ドキュメンタリーとして客観性があるのかと言われると非常に微妙で、作り手が小川淳也と距離が近過ぎるきらいはある。だから、続編となると非常に難しいだろうとは思っていた。
ただ、今回は香川1区という題名にしている通り、満遍なくとまでは言えないが、それぞれの候補者に取材しようとしている。PR映画だと揶揄されるシーンもあったが、維新候補へのすったもんだもちゃんと映しているので、ある程度配慮はなされているのではないかと思った。

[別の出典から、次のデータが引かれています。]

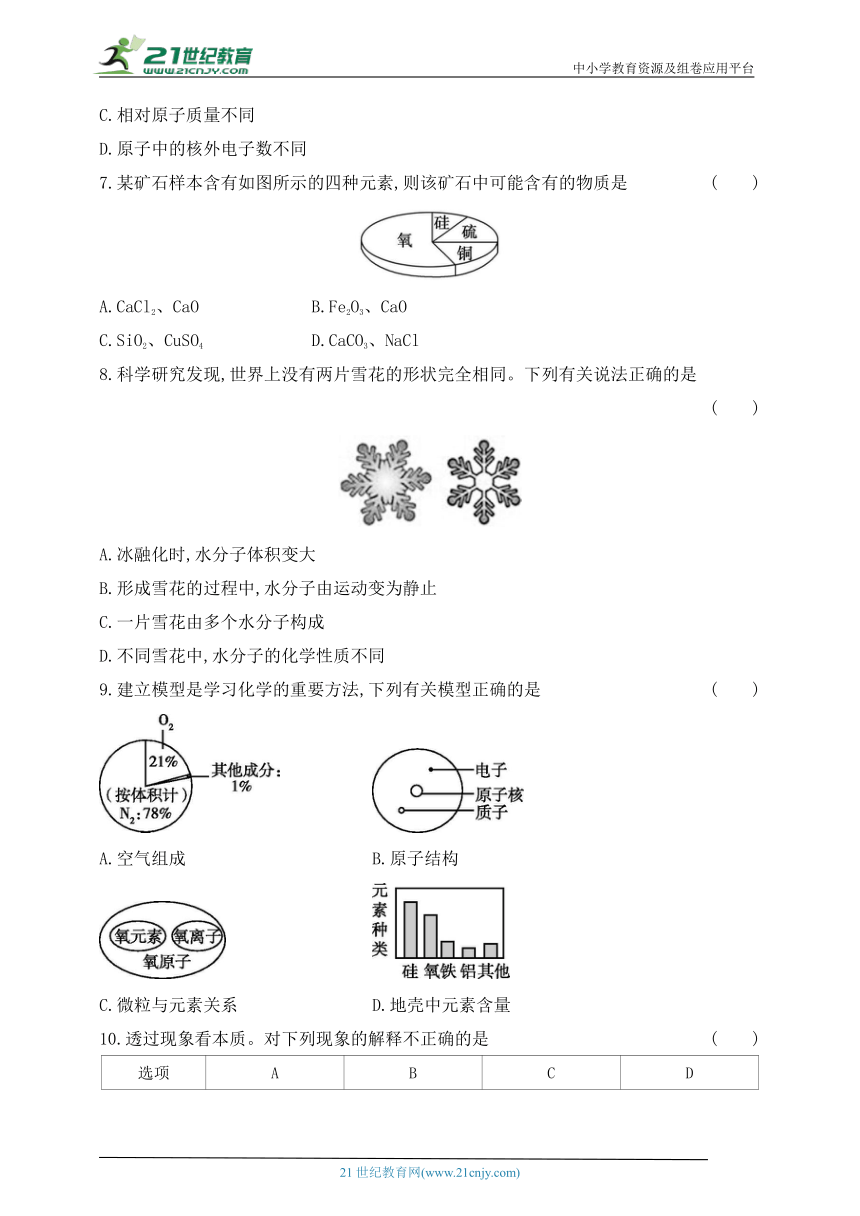 2024人教版九年级化学上学期单元测试卷--第三单元物质构成的奥秘测试卷(含答案）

また、平井卓也陣営へのネガキャンのようなシーンもあったが、平井卓也自体はインタビューに答えている。もちろん、文春報道を見るにブーメランになっていると思われる言い回しもあるが、少なくともインタビュー上は真摯に答えようとしているように感じた。もしくは、あの段階では「なぜ君」が密かに話題になっていることを知らなかっただけなのかもしれない。となると、平井卓也自身に問題があるのではなく、それを取り巻く環境だったり、陣営の吹き込み方だったりに問題があるのかなと思った。問題というか、ここにこそ自民党の選挙の強さの源があるのかなと。小川淳也が維新候補にしたことは、その真逆のように思える。
やはり今作でも娘さんのシーンに涙を流さずを得られなかった。政治家という公人を父親に持つ苦しみと、それでも父親に対して勝ってほしいという娘心と尊敬の念。「きっとアンチの言葉にも耳を傾ける」と述べるシーン、当選発表後の「正直者がバカを見ると思っていた」と述べるシーン、どちらにもぐっと来た。
速報性を持ったドキュメンタリー映画は貴重。東京五輪のドキュメンタリー映画はどうなっちゃうんでしょう。